## Task
Restate word for word the lines between the start of the material and the line with "Colorful houses and", keeping both of those ends and none of the pictures.

## Data block
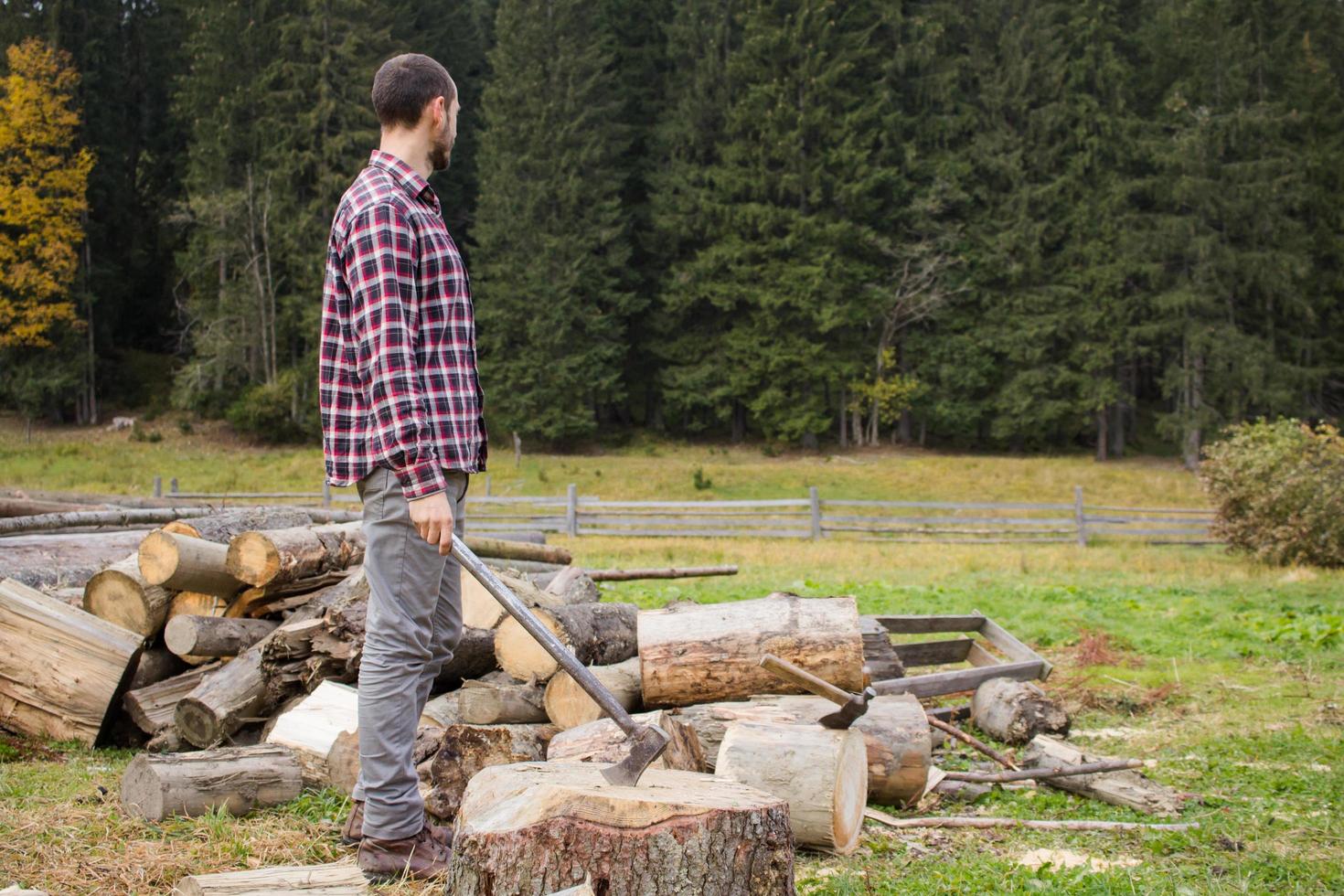 yong male in forest choping wood with steel axe, country landscape with lumberjack photo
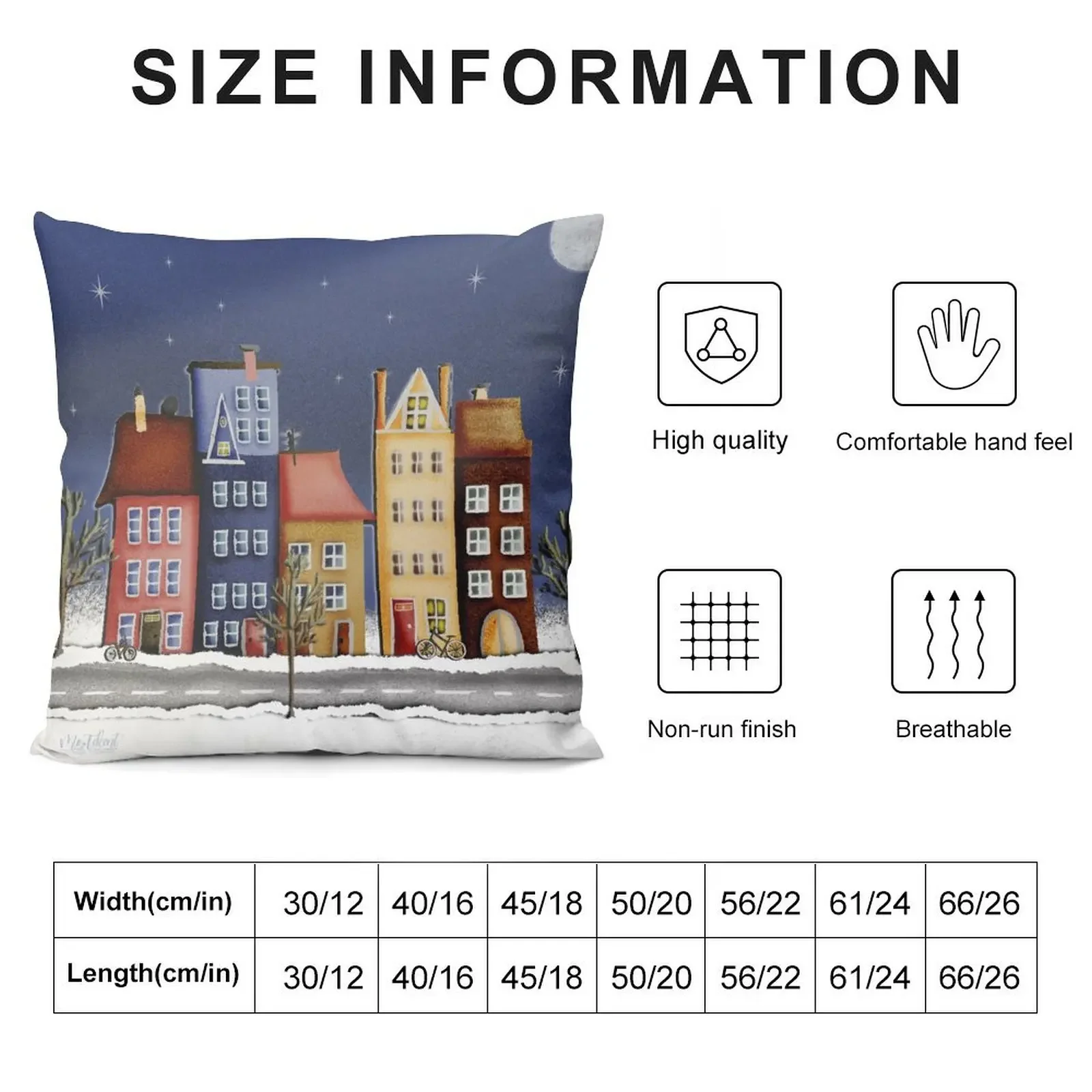 Colorful houses and falling stars Throw Pillow Pillowcases Custom Cushion Photo pillow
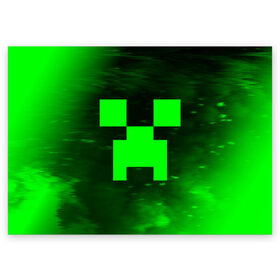 Поздравительная открытка с принтом MINECRAFT / МАЙНКРАФТ в Белгороде, 100% бумага | плотность бумаги 280 г/м2, матовая, на обратной стороне линовка и место для марки
 | craft | creeper | dungeons | game | games | logo | mine | minecraft | miner | rhfan | vfqy | vfqyrhfan | zombie | данжен | зомби | игра | игры | крафт | крипер | лого | логотип | майкрафт | майн | майнкрафт | символ | скфае | ьшту | ьштускфае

## Your solution
 yong male in forest choping wood with steel axe, country landscape with lumberjack photo
 Colorful houses and falling stars Throw Pillow Pillowcases Custom Cushion Photo pillow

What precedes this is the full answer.